For sale, a mid-Victorian silver cased William Payne’s Patent Pedometer retailed by Negretti & Zambra.
This fascinating early pedometer is comprised of a one an a half inch ceramic dial with Roman numerals and single blue steel pointer. It is marked to the retailer Negretti & Zambra, 1 Hatton Garden, to the upper section and Payne’s Patent with serial No: 3969 below.
The delicate silver case has a fine bezel with watch glass to the front and superb rose engine turned detail to the reverse. It has a hallmarked suspension loop to the top to allow it to be attached to a watch chain. The bezel is opened by a nail clasp to the top right of the hanging loop and the movement accessed by depressing a catch at the base.
The inside of the case is silver marked for London with the date letter “h” for 1863, it also bears the same serial as is provided on the dial and the case maker’s initials “AT”.
The maker of this fine instrument were the clockmakers William Payne & Co who began trading in 1811 at 62 South Moulton Street in London. By 1825, Payne had moved to 163 Bond Street from where on the 15th of February 1831 he lodged his patent, “Pedometer for the waistcoat pocket” (No: 6078). The invention was evidently well accepted as it continued to be produced until at least the 1870’s
Both Negretti & Zambra and William Payne & Co took part in The Great Exhibtion of 1851 where Payne exhibited these instruments and it would be interesting to consider that this may have been where the two companies formed their trading relationship.

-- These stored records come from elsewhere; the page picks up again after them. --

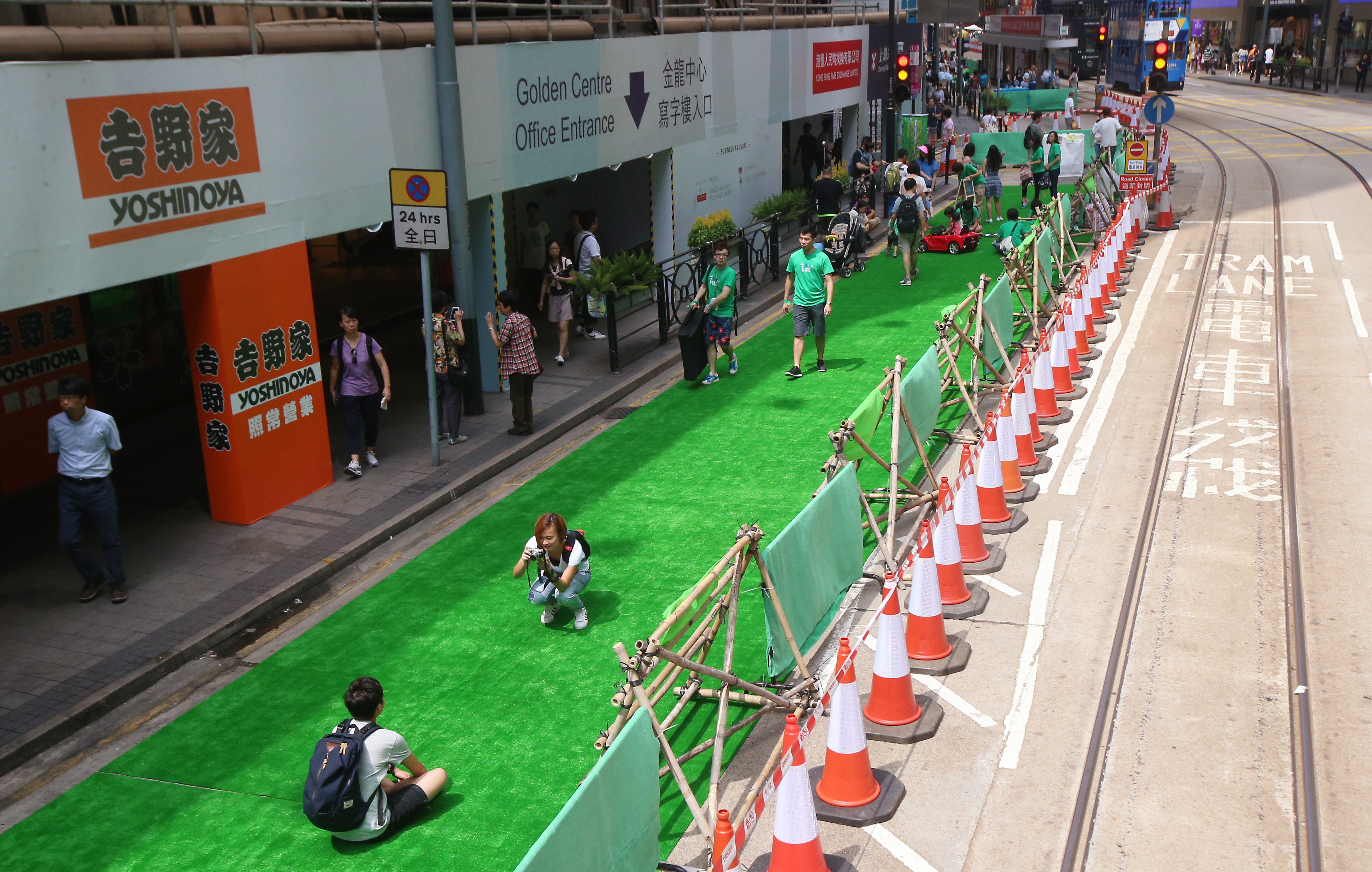 Visitors enjoy public space on Des Veoux Road Central during a trial initiative to pedestrianise the arterial road in Hong Kong’s business district, last September 25. Photo: David Wong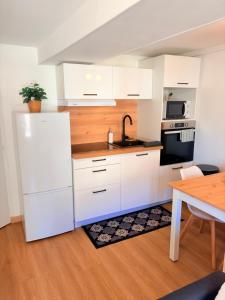 a kitchen with a white refrigerator and a table at Le Beau Dolois - Appartement Climatisé au Coeur de DOLE avec Parking GRATUIT à proximité in Dole +17 photos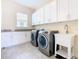 Bright laundry room with white cabinets and granite countertops at 870 Spinnaker Way, Kissimmee, FL 34746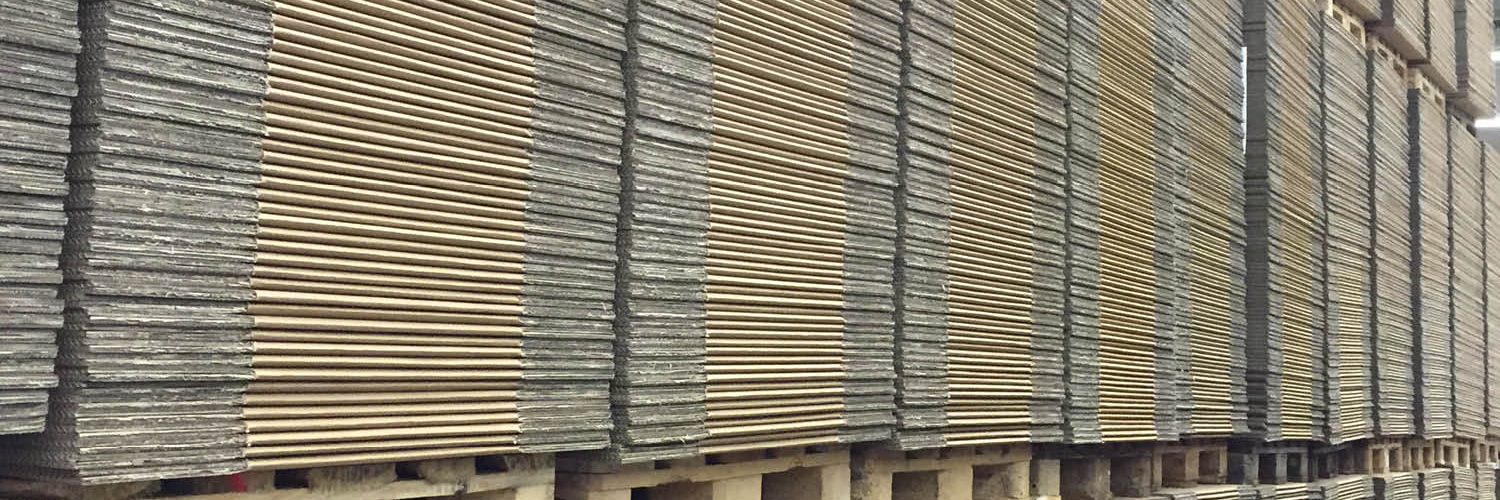 Ein Blick in unsere Lagerhalle: Gleichmäßig gestapelte Kartons auf Paletten, die eng aneinandergereiht sind und jederzeit auf Abruf für unsere Kunden bereitstehen.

Both companies were patronised by The British Royal Family after this point in time.
Negretti & Zambra were a leading name in the production and retailing of meteorological and scientific instruments and had a company history dating back to 1850 although their parents were amongst those Italian emigres that bolstered the British meteorological instrument making industry at the turn of the century.

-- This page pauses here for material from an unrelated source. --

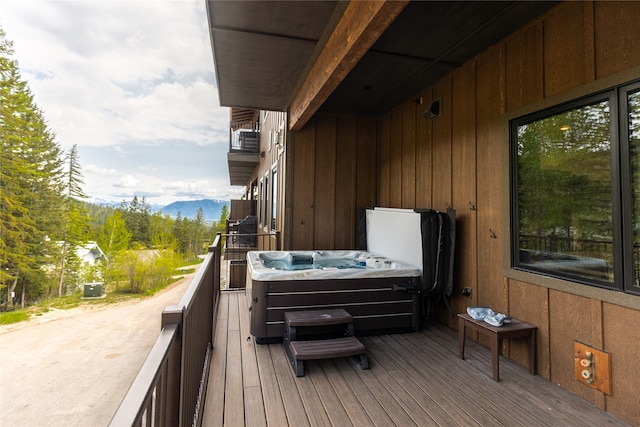 3868 Gelande St Unit 4, Whitefish, MT 59937 - deck with a mountain view and a hot tub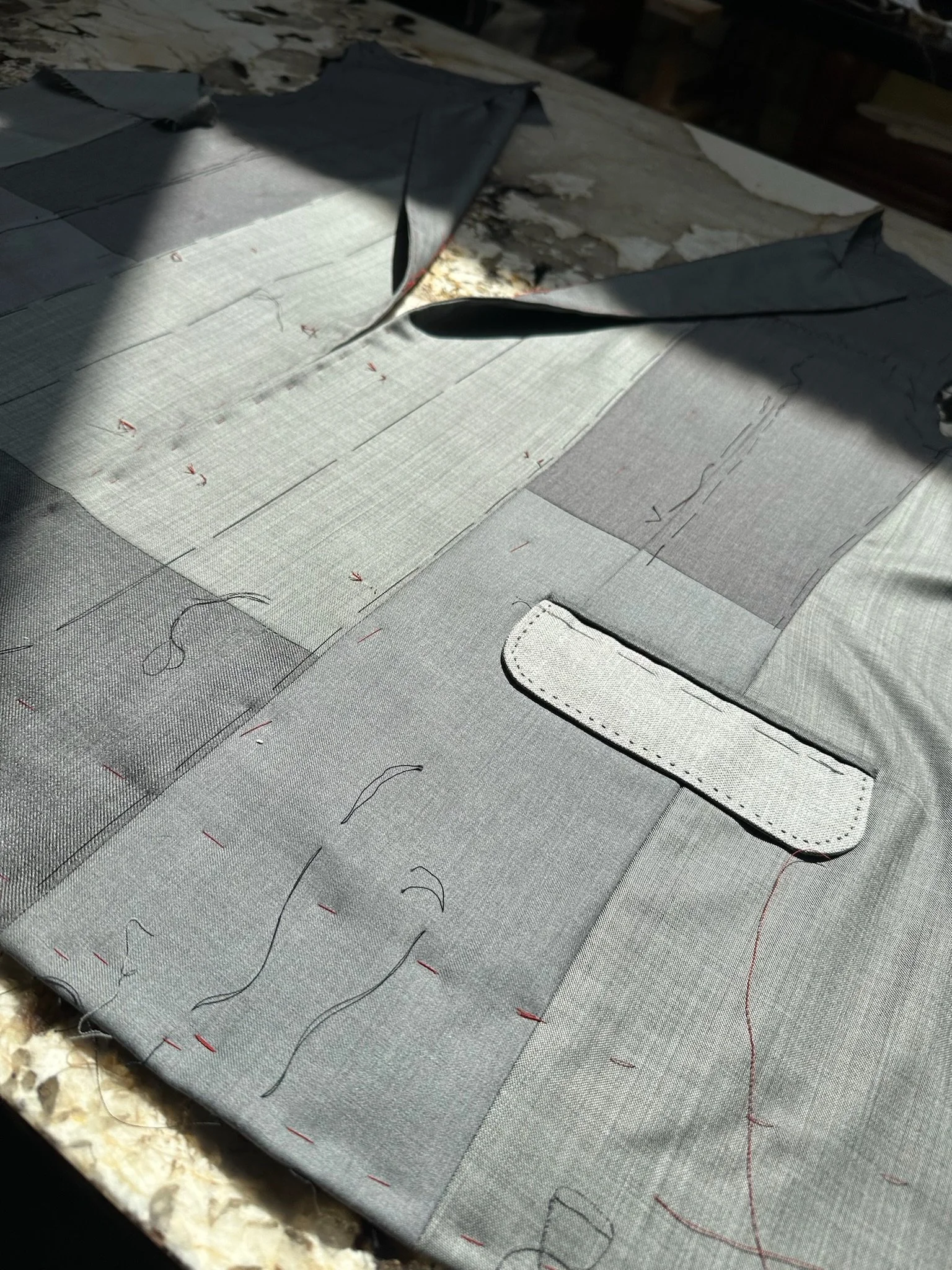 Devants d’une veste en patchwork gris en cours de montage, avec fils de bâti et poche à rabat.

Throughout their long and esteemed history they exhibited at British and international industrial fairs and became makers to both Queen Victoria and Edward VII. Owing to changes in the business, the firm ceased the public retailing of scientific instruments sometime around the late 1960’s and continued with a focus on the aviation industry in numerous guises until its eventual liquidation in the year 2000. They are today perhaps the most collected of the scientific instrument firms which bears testament to the quality of their work.
Perhaps less rich in function than a Fitbit but far more pleasing to the eye, this instrument (owing to the hallmarks) can be confidently dated to 1863, a date which fits entirely with Negretti & Zambra’s trading dates at 1 Hatton Garden, which lasted from 1859 – 1867.